Welcome to the least respected holiday on our calendar – A federal holiday since 1894, Labor Day is better known as the end of summer, the serious start of school, and a great time to buy just about anything, rather than a day to recognize workers. Why shouldn’t we treat this day the way we want to, after all, we are all workers…right? Well, we might all work, but I’m not sure about all of us deserving a holiday to honor our work.
I am fortunate to have worked in a variety of industries during my life. Today, I am an “information worker” meaning that I facilitate the processing of data so that others can complete transactions and review and report the status of those transactions.
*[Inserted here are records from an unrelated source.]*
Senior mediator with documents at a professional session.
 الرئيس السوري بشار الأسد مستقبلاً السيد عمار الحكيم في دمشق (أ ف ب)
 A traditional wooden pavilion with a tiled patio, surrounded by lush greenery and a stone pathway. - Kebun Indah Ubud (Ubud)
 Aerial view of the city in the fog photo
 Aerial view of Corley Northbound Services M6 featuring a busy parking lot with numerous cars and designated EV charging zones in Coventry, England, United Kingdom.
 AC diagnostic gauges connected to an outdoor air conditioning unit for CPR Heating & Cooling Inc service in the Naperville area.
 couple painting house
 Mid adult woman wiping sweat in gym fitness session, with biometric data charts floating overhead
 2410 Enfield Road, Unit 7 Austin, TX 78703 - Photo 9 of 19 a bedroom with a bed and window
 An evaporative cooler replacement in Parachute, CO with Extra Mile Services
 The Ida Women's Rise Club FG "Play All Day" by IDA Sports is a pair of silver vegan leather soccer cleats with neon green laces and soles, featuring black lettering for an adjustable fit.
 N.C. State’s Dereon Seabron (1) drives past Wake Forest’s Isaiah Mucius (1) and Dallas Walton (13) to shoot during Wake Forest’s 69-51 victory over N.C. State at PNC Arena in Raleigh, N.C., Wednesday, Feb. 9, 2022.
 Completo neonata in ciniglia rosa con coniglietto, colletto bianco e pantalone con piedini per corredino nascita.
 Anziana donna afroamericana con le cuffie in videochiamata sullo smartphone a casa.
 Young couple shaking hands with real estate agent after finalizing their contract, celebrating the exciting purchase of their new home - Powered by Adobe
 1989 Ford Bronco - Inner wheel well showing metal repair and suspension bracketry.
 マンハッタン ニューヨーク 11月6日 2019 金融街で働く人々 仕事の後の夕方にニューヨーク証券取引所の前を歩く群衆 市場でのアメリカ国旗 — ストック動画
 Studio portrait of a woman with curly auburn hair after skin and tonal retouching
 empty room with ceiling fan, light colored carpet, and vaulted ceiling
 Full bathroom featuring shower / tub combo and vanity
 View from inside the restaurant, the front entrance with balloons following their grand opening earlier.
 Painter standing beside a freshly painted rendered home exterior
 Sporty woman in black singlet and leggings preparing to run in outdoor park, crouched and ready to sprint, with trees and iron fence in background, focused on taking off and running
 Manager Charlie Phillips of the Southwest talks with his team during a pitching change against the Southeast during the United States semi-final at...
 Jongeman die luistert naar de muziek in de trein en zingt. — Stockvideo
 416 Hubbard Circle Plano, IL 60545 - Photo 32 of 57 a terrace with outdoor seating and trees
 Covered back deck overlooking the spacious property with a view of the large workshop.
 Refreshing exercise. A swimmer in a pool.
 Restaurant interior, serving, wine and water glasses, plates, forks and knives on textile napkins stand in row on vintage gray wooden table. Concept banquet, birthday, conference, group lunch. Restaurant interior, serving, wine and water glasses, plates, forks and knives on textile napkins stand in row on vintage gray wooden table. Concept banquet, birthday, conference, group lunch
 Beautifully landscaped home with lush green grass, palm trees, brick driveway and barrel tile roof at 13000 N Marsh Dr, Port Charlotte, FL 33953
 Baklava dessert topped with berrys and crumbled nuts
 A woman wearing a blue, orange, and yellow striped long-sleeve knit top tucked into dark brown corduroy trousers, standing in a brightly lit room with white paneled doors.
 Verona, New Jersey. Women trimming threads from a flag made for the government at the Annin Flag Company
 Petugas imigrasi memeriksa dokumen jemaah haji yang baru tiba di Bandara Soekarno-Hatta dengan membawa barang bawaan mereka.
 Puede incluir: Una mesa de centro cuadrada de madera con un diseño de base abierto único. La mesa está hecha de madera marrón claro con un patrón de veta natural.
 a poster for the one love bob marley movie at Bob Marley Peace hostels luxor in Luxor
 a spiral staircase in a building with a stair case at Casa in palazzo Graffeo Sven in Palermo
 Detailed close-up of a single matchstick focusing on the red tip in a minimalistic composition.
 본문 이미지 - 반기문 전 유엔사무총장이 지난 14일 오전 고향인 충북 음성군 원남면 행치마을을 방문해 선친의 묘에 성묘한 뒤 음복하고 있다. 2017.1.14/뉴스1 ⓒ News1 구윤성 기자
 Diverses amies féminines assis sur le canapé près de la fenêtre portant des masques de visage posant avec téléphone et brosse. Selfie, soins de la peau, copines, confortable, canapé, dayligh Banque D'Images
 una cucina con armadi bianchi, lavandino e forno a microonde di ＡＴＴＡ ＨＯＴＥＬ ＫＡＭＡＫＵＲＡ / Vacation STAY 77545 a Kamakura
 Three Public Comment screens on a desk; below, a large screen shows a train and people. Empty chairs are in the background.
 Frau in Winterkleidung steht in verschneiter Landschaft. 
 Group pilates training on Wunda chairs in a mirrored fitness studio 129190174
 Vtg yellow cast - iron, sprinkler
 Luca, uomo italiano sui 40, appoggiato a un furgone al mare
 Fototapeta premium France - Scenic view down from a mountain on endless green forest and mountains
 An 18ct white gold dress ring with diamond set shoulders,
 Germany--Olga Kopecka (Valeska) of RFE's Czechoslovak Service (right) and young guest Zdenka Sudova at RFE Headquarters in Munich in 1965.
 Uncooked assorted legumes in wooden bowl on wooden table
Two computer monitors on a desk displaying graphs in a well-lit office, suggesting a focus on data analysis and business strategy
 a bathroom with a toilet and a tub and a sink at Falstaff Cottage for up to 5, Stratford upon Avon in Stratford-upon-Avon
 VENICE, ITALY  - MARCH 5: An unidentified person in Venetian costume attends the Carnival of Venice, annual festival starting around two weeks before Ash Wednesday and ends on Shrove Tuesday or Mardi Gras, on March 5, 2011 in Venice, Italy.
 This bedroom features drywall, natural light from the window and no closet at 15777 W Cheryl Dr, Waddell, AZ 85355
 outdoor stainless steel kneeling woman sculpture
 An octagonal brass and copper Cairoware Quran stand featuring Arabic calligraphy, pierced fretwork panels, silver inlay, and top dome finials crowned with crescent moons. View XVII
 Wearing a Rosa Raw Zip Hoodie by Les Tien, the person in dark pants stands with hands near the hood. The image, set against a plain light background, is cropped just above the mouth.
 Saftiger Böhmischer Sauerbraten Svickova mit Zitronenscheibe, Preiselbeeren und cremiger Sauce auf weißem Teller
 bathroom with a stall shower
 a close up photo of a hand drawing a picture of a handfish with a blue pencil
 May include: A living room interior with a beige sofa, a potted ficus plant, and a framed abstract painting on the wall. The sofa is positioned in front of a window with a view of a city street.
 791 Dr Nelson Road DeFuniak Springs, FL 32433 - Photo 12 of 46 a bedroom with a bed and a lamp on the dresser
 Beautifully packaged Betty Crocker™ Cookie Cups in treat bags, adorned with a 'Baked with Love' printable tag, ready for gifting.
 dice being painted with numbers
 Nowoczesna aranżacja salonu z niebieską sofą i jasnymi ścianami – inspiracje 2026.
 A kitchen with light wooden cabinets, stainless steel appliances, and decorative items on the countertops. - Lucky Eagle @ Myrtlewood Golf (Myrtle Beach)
I like the way that sounds, and I like my job, but it’s not like I’m pushing a wheelbarrow full of heavy stuff up a steep incline – I’m sitting at a desk. On the way to this position, I worked on a farm, in a machine shop, on a river boat, at the Post Office, for a home improvement contractor and I owned and operated a cabinet shop. All of those jobs involved physical activity, the kind of work that takes a toll on your body and leaves you tired at the end of the day.
One of the things that I try to facilitate today is collaboration. As good as we get at routing documents from one person to another, sharing screens, voice and video, we never come close to the collaboration of the shop-floor. We made gun barrels in the machine shop where I worked. Although I’m sure the process has been automated or enhanced by automation, in 1970 it was human powered:
A piece of steel was cut or a forged blank was cleaned and prepared. Then a hole was drilled. Then the outside of the barrel was cut to its final shape. Then the inside was reamed to a fine finish and then “rifled”. After that, a variety of operations were performed to prepare the barrel to fit onto the firing mechanism of a gun.
Each of those steps involved one or more people completing operations on specific machines. If one person messed up, the next guy was immediately affected, the whole shop was affected. Orders shipped late, or overtime had to be paid, or days off and holidays had to be spent working. You felt collaboration in that setting, and chronic failures were not tolerated – you weren’t late, you weren’t slow (you weren’t too fast, but that’s another story), and the quality of your work was measured.
Some of the ways in which those tasks have been automated represent a change for the better. Those jobs were dangerous. In the short time that I worked in that shop, I was injured several times and I witnessed many other injuries. As much as we paid attention to quality, human error was always part of the finished product. My work was checked with thickness gauges and micrometers but I was doing the checking. If I worked more than eight hours, I was paid more, so the cost/price increased. Today’s machinery can run non-stop, performing operations with flawless precision without the need for time off. They produce higher quality gun barrels for less money and we can make more of them than we did in the 1970s, and fewer people are injured and they are injured less often. We also employ fewer people.
I was working in that machine shop in order to pay for college. My coworkers were earning their living. The circumstances of their lives defined that job as their best opportunity. They were good, hard-working men who were paid well for their time, but not well enough to offset the conditions under which they labored. That shop was the worst place that I ever worked, and that was in the 1970s, 65 years after the western Pennsylvania County in which that shop was located kept the “Death Calendar” pictured above. The men whose deaths were annotated by red crosses on that calendar, labored in far worse conditions than I did, in order to mine, make and move the material that powered this country to industrial dominance. We enjoyed relative luxury in that machine shop due to the benefits earned by the workers who labored before us – the people for whom this holiday was established.
As you enjoy this holiday, think of those people. Think of the people who built this country and the people who still work in difficult and / or dangerous jobs so that we can consume the products we now take for granted. We still have an abundance of skilled people in this country; we need to find a way to put them back to work. When we do that, then we can truly celebrate Labor Day.